Kamal Jann is not without its shortcomings, and they come whenever the book abandons its realist mode to risk overt satire. Of particular detriment to the work is the one-dimensional straw-man Eddé makes of Benjamin Netanyahu and his government. In doing so, she trivializes the deep complexity of the Israeli political state and, principally, the Palestinian plight she ostensibly seeks to champion. Of course, many critics of the not-so-thinly-veiled “Mimi”—a.k.a. “Bibi”—would agree with Eddé that the Prime Minister and his Likud Party seek to manipulate the politics of the Middle East. The reality of the politics on the ground in the Levant is indeed complex, and realpolitik, even Machiavellian realpolitik, does appear to be the operative political paradigm for all involved, principally perhaps Israel. The way Eddé draws the upper-echelon of the Israeli cabinet, however, is overwrought to the point where it forces the reader to drive home the implausibility of her portrait, which then forces the reader to ask if she lacked “evidence” to draw out a more realistic picture? Not only does the defense minister await the day when it will be possible to force the world to “swallow the pill of a one hundred per cent Jewish state” and “take Jerusalem. The whole of Jerusalem,” he revels that Israel has “drained the ‘Arab world from the Arab world and wiped two countries from the map in three decades. That’s a good start.” He—and, by extension, Eddé—also puts words into Mimi’s mouth through another character’s informal note: “You said it yourself, dear Mimi, ‘To hell with the bastards.’” The joke plays on Netanyahu’s notoriously brusque persona, but it comes at the expense of the novel’s usually shrewd political integrity, and especially its realism. Arriving in a book so determined to show an interconnected political web, where alliances between Arabs and Jews, and terrorists and intelligence agencies are far more complex than they would seem in mass media renderings, this portrayal of Mimi/Bibi is strikingly counterproductive to Eddé’s purposes.
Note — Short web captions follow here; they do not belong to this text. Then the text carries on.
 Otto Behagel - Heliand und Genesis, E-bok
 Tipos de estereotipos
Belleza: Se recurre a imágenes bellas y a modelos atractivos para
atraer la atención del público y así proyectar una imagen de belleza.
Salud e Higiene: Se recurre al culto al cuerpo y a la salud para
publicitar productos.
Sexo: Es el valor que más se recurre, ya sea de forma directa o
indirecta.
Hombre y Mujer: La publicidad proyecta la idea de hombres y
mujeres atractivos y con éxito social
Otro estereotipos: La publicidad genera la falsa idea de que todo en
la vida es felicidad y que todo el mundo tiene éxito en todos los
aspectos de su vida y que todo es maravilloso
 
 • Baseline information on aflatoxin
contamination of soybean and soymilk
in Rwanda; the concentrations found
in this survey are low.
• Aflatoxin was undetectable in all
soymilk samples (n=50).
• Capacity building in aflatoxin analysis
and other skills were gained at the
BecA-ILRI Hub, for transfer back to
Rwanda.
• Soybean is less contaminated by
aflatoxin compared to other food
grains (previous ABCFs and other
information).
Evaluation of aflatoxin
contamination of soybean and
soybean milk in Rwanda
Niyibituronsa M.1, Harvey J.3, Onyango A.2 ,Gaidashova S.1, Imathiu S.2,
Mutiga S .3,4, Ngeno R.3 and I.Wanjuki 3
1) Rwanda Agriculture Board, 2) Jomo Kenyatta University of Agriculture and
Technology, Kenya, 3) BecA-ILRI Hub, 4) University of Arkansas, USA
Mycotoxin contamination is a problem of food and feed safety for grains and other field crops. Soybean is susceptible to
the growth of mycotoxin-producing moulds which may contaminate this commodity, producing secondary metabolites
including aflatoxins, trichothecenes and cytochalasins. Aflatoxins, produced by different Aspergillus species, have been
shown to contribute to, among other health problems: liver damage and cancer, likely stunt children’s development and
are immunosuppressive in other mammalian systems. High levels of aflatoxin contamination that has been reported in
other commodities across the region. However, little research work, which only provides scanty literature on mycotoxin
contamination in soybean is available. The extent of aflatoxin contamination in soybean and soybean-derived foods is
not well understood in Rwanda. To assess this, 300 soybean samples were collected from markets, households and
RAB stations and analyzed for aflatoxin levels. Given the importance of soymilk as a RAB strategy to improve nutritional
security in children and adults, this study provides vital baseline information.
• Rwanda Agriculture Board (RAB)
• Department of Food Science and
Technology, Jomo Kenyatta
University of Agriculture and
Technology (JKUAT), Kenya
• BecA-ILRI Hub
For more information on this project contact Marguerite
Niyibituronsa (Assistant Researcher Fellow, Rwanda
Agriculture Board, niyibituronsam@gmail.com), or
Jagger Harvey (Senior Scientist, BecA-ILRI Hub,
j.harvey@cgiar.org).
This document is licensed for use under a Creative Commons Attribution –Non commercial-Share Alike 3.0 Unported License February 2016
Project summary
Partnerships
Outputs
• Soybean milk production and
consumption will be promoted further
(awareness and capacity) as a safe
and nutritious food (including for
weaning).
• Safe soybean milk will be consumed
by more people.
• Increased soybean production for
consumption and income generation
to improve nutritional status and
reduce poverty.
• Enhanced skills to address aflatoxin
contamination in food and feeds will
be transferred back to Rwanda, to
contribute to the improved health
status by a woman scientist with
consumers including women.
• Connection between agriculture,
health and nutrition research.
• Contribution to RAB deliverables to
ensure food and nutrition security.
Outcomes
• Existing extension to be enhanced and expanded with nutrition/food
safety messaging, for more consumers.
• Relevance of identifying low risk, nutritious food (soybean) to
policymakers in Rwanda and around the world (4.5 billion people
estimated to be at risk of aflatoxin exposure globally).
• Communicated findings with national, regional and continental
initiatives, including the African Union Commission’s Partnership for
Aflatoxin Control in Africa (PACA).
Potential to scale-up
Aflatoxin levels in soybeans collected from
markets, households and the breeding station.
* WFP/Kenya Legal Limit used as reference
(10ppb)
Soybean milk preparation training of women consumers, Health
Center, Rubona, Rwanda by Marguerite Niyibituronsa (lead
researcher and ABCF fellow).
Kamal Jann ends, as noted, with imaginative collapse: Jann’s madness, in which the novel transforms from a panoramic work of social realism into a fierce polemic hurled against our human acquiescence in the political landscape of the world today. Eddé likely wanted to drive home the bleakness of the devastating wreckage caused by the twin, mutally dependent forces of religious fundamentalism and the geopolitical machinations of imperialism. To this reader, however—coming at the end of a richly nuanced novel of political, even polemical, drive, one in which the political is seen to stem from the personal—Jann’s madness has about it the air of resigned defeat.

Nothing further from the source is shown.